Summary of the Operations#


  • transform applies a function to each element of the sequence, equivalent to the functional operation map

  • select takes the first N` elements of the sequence satisfying a condition (via a selection mask or a predicate function)

  • unique returns unique elements within a sequence

  • histogram generates a summary of the statistical distribution of the sequence


  • reduce traverses the sequence while accumulating some data, equivalent to the functional operation fold_left

  • scan is the cumulative version of reduce which returns the sequence of the intermediate values taken by the accumulator


  • adjacent_difference computes the difference between the current element and the previous or next one in the sequence

  • discontinuity detects value change between the current element and the previous or next one in the sequence


  • sort rearranges the sequence by sorting it. It could be according to a comparison operator or a value using a radix approach

  • exchange rearranges the elements according to a different stride configuration which is equivalent to a tensor axis transposition

  • shuffle rotates the elements


  • partition divides the sequence into two or more sequences according to a predicate while preserving some ordering properties

  • merge merges two ordered sequences into one while preserving the order

Data Movement#

  • store stores the sequence to a continuous memory zone.
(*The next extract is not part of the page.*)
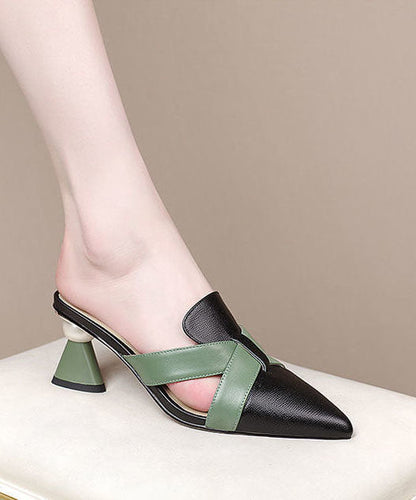 Elegantly Styled Garment for Everyday Wear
There are variations to use an optimized path or to specify how to store the sequence to better fit the access patterns of the CUs.

  • load the complementary operations of the above ones.

  • memcpy copies bytes between device sources and destinations

Other operations#

  • run_length_encode generates a compact representation of a sequence

  • binary_search finds for each element the index of an element with the same value in another sequence (which has to be sorted)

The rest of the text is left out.